On Sunday, Wisniewski told CBS’ “Face the Nation” there’s no evidence Christie was directly involved in the traffic tie-up, but said the governor didn’t have to know about the lane closures for them to be a crime.
“When you use the George Washington Bridge for what the emails show to be a political payback, that amounts to using public property for a private purpose or for a political purpose and that’s not legal,” Wisniewski said.
Christie said Thursday he was “embarrassed and humiliated” by the conduct of some of his staff. He said he was “blindsided” by the revelations, which he said he discovered when subpoenaed emails were released last week.
WEB EXTRA: Read The Emails
“Time for some traffic problems in Fort Lee,” Kelly wrote in August in a message to former Christie Port Authority appointee David Wildstein.
“Got it,” Wildstein replied.
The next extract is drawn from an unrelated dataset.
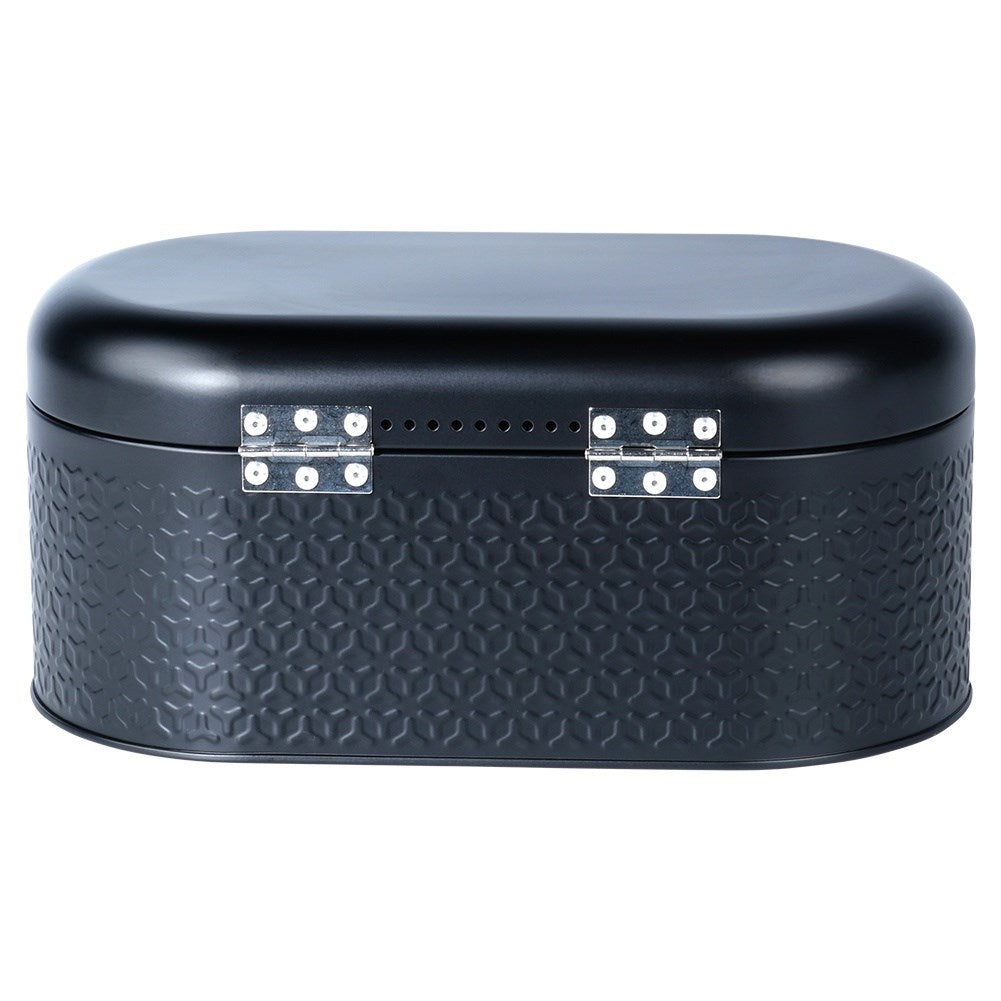 Spacious and stylish bread box in black steel for fresh bread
A few weeks later, Wildstein closed two of three lanes connecting Fort Lee to the bridge, causing crippling traffic jams in the town.
The messages do not directly implicate Christie, but they contradicted his earlier assertions that the closings were not punitive and part of a traffic study and that his staff was not involved. Christie has said he didn’t know of any plot to close the lanes.
Wisniewski said it “strains credibility” that the hands-on governor wasn’t told by senior advisers who received emails about the closings.
“His chief counsel knew, his deputy chief of staff knew, his incoming chief of staff knew,” Wisniewski said.
Politicians from both sides of the aisle took to the Sunday talk shows to debate the fallout from the traffic jams and any role Christie may have played.
Former New York City Mayor Rudy Giuliani said on ABC’s “This Week” he found Christie’s explanation “pretty darn credible” that he didn’t know what members of his inner circle were up to while he was running for re-election.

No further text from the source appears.